Atrial-Triggered Failed Pacemaker

Report:

Sinus rhythm 94 - 96/min 1

First degree AV block (PR 0.28") 2

Left atrial abnormality (LAA) 1

Atrial-triggered ventricular pacemaker 2

Failure to pace 3

LVH with ST/T changes (incomplete LBBB) ± ischæmia 1

Comment:

The pacing spikes bear constant relationship to the QRS complexes, but remain at a distance from them; they are in fact related to the preceding P waves. The ECG taken two days previously was unfortunately misreported (below), as the shorter PR interval placed - fortuitously - the pacing spike just before the onset of the QRS complex18. Ventricular capture by the pacemaker would have produced a broader QRS with left axis deviation à la LBBB. The observed axis would imply a superior displacement of the pacemaker tip toward the RV outflow tract.

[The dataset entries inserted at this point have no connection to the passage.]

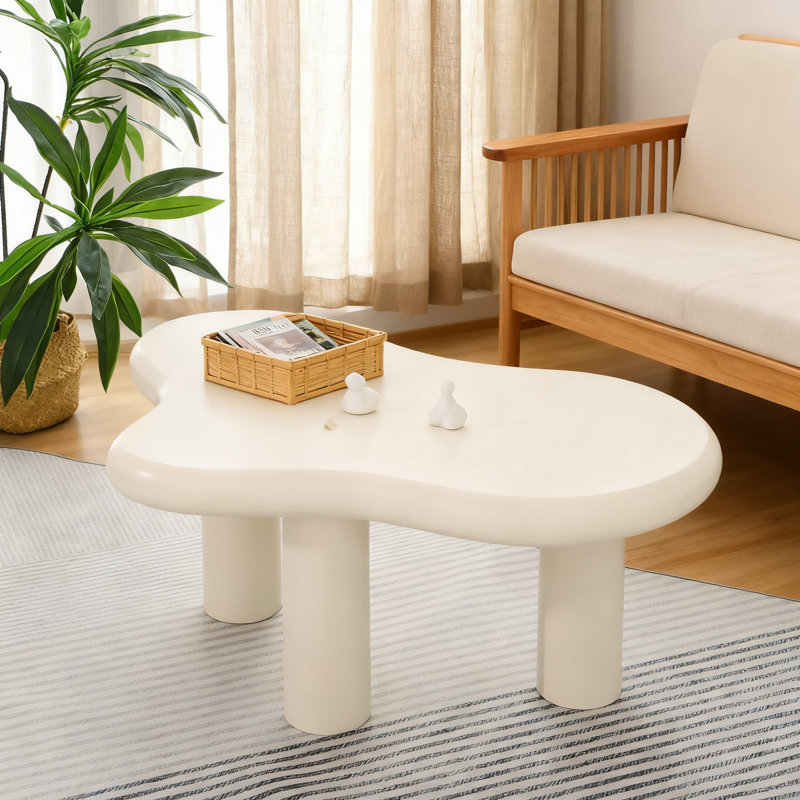 Table basse Cloud à 3 pieds, table d'appoint moderne en bois pour le salon, la chambre à coucher, le balcon et le patio, table centrale unique avec bords arrondis lisses, conception peu encombrante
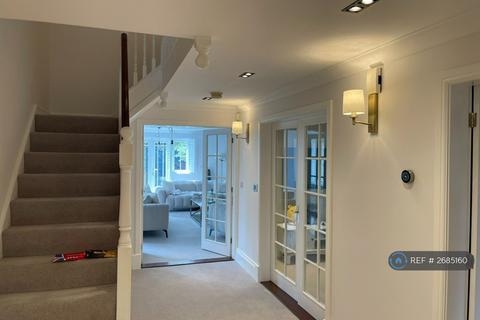 5 bedroom detached house to rent, Broomfields, Somerford, Congleton, CW12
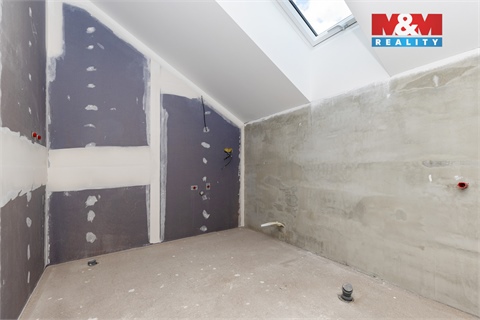 Prodej rodinného domu, 119 m² - 6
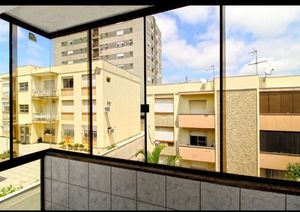 Image 8 - 879679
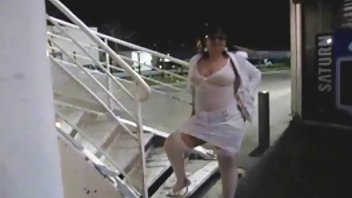 video Sretnik je pornicix u guzicu posadio prljavu minicu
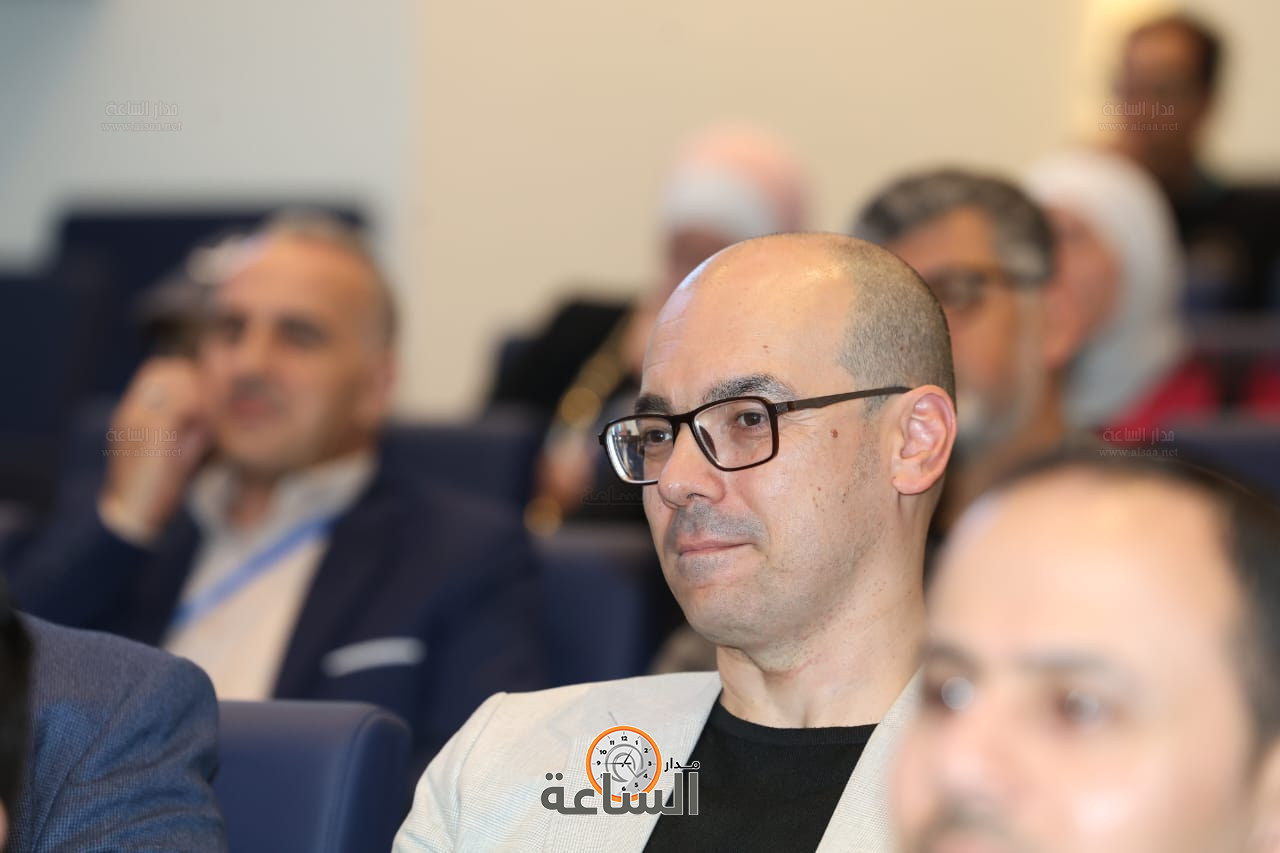 Madar Al-Saa Images 0.6926122699265304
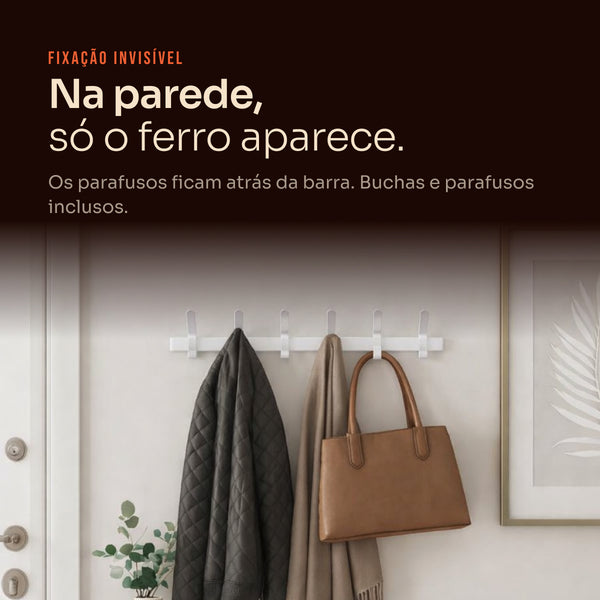 Cabideiro 6 ganchos branco na entrada de casa com casaco, cachecol e bolsa #branco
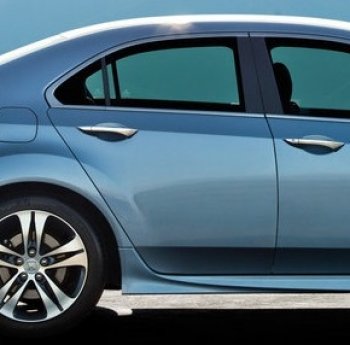16 749 р. Правая дверь задняя BodyParts Honda Accord 8 седан CU рестайлинг (2011-2013) (Неокрашенная)  с доставкой в г. Калуга. Увеличить фотографию 1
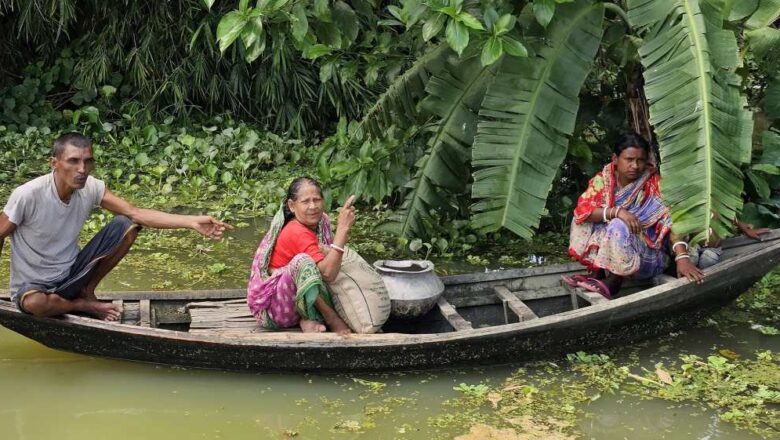 আত্রাই নদীর পানি বৃদ্ধিঃ মান্দায় বেরিবাঁধ ভেঙে প্লাবিত এলাকা, ত্রাণ পেল ২৫ পরিবার
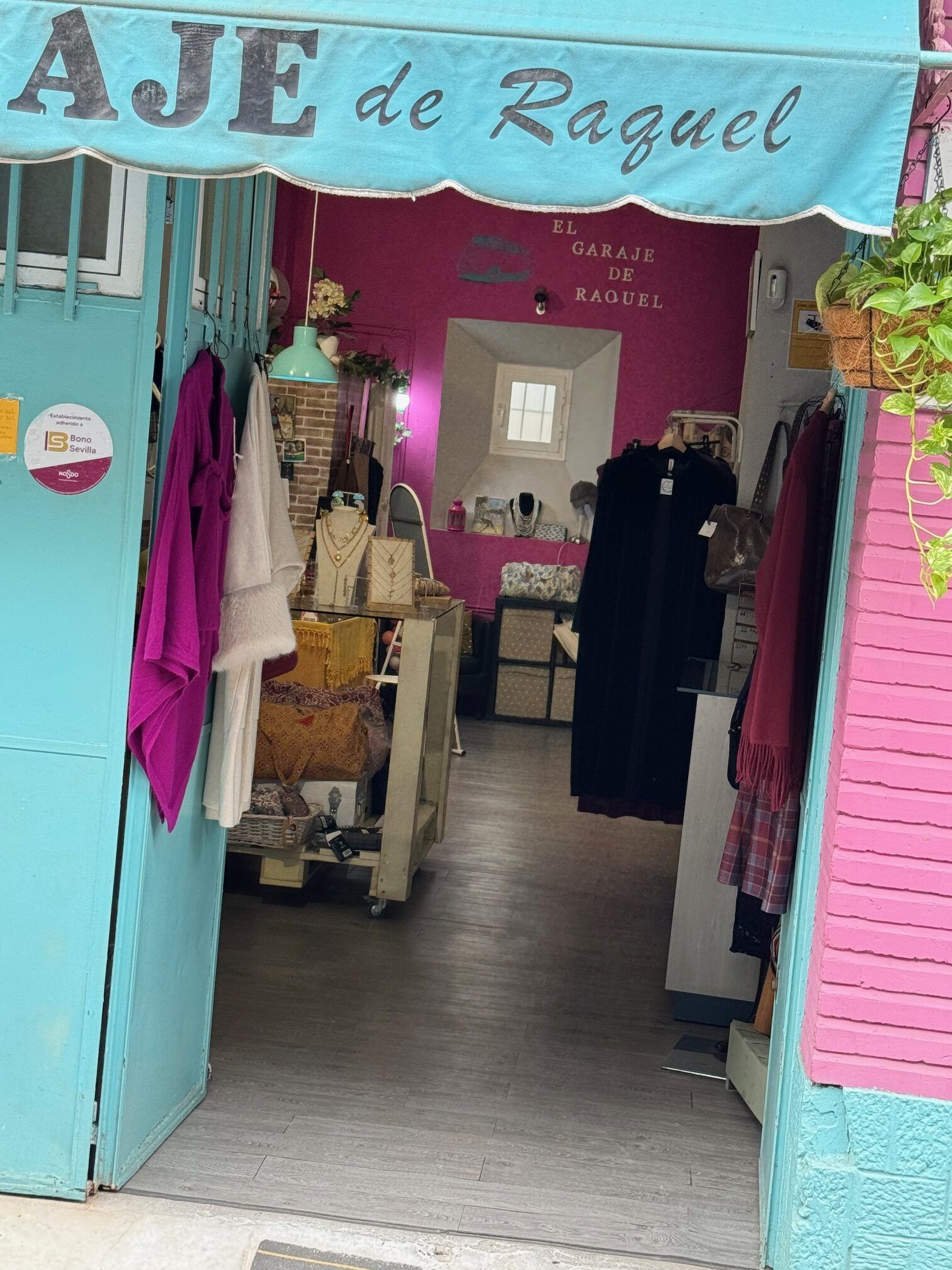 El Garaje de Raquel, donde no encontrarás coches y si con lo más must de la moda - Gastronomía y Moda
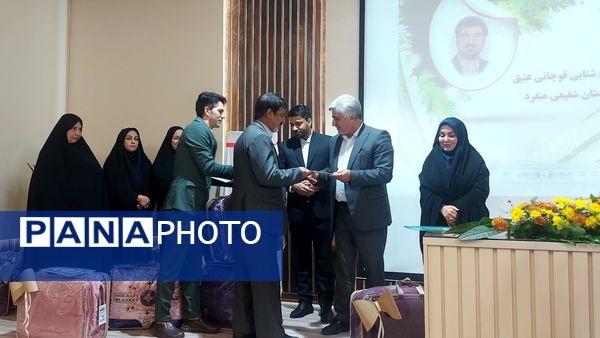  تقدیر از مدیران بازنشسته و همکاران اسبق آموزش و پرورش ناحیه شش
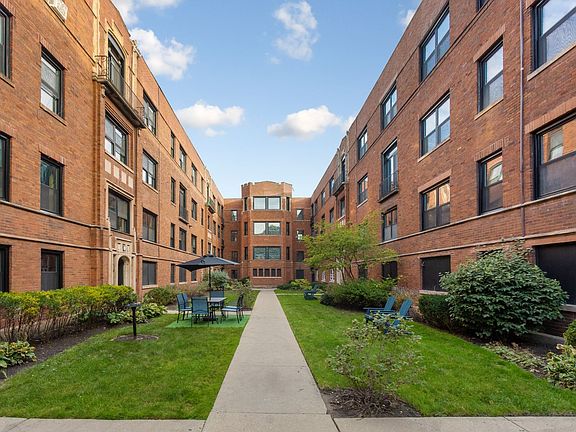 3rd image of 1548 W Juneway Ter #15525-3H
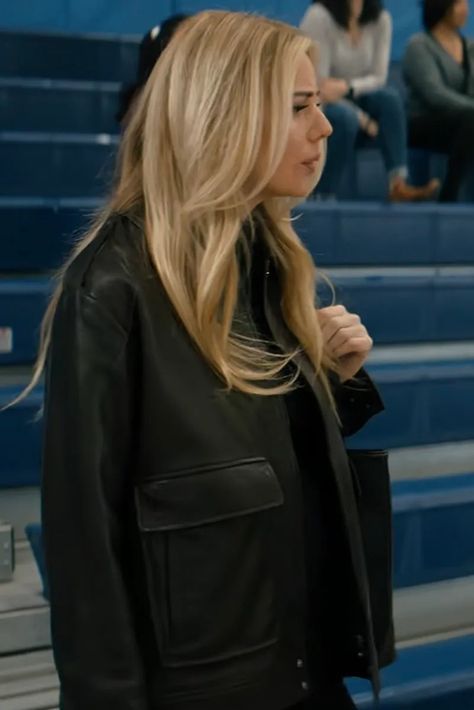 Netflix 'Nobody Wants This': Where to Get Justine Lupe's Outfits as Morgan — Femestella Nobody Wants This Series Outfits, Justine Lupe Hair, Justine Lupe, Lace Trim Shorts, Haircuts For Long Hair, Mother Denim, Netflix Series, Outfits Casual, Beauty Trends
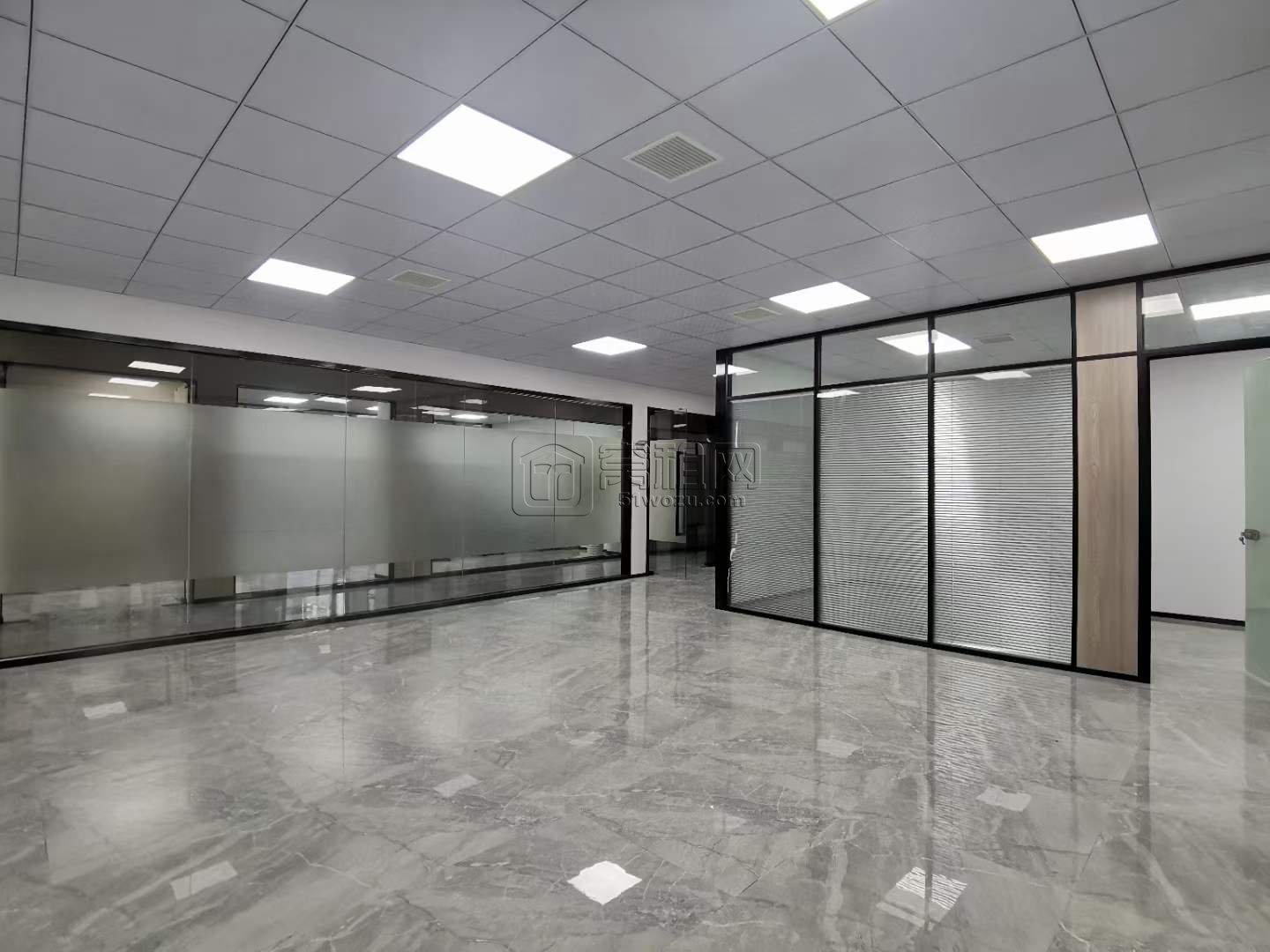 5号线地铁中创科技园170平米精装修办公室出租(图2)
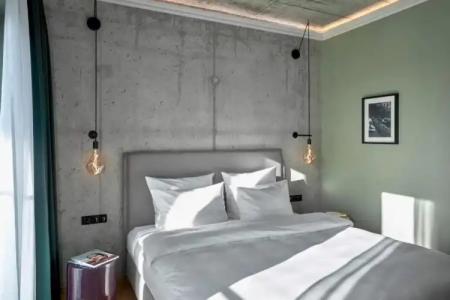 Gekko House Frankfurt, a Tribute Portfolio - 74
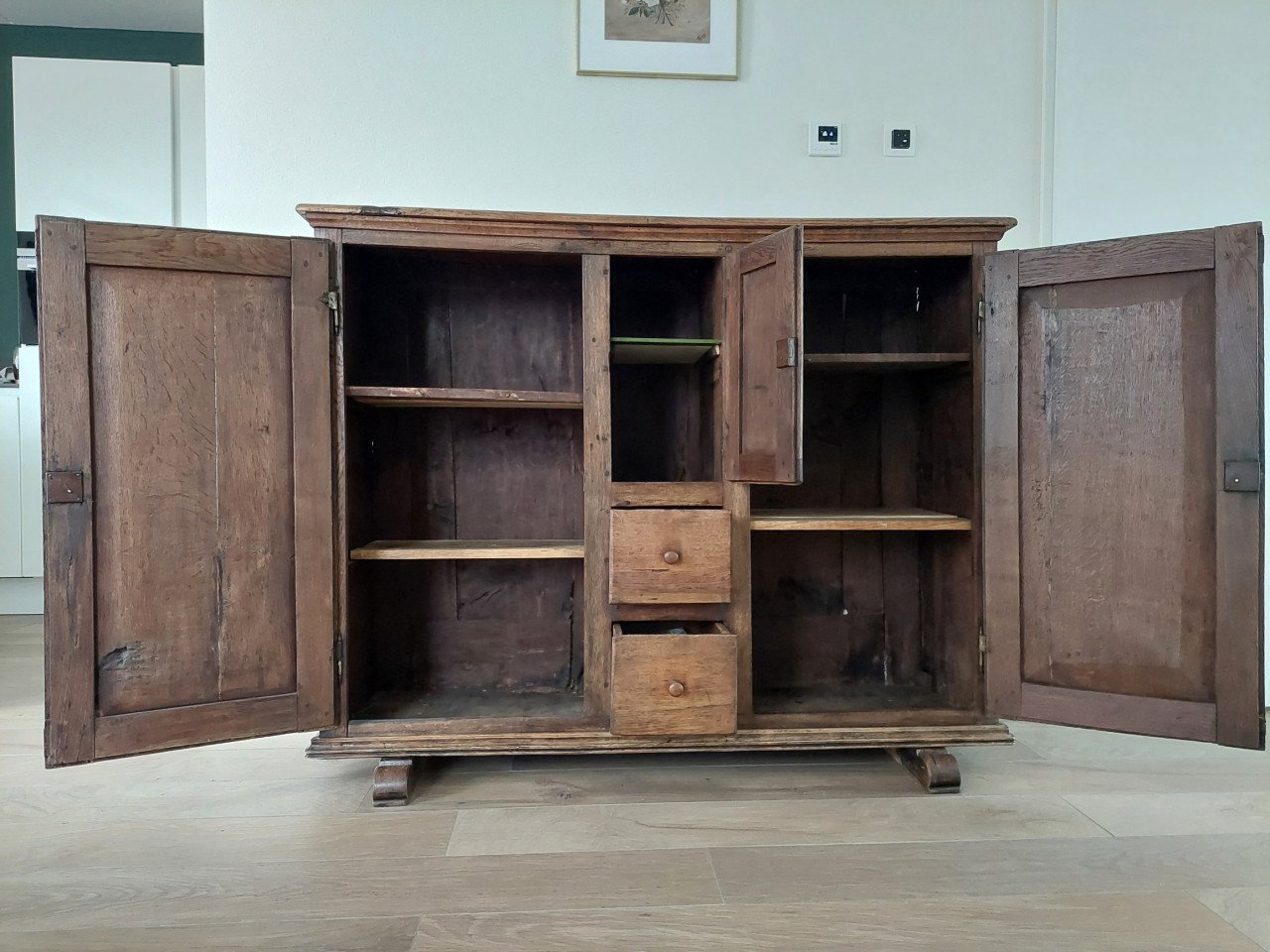 Antieke eikenhouten kast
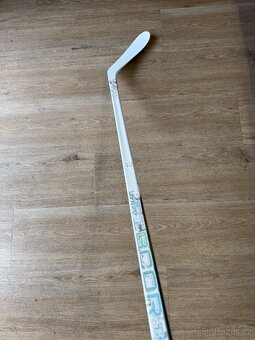 Hokejka CCM RIBCOR TRIGGER 9 Pro WHITE, pravá - 5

The marked mid-precordial T wave inversion, especially the concordant one in V3, and in the absence of the corresponding ST segment depression associated with the LVH or incomplete LBBB, is indeed suspicious of ischaemia or other myocardial disease.

R complex in V6 is consistent with both septal infarction or (in this case incomplete) LBBB; both can also cause a QS in V1. A practical way of differentiating the two is by the size of the QRSs: septal infarcts diminish it, while incomplete LBBB increases it.

A great majority (90%) of patients with incomplete LBBB also have LVH.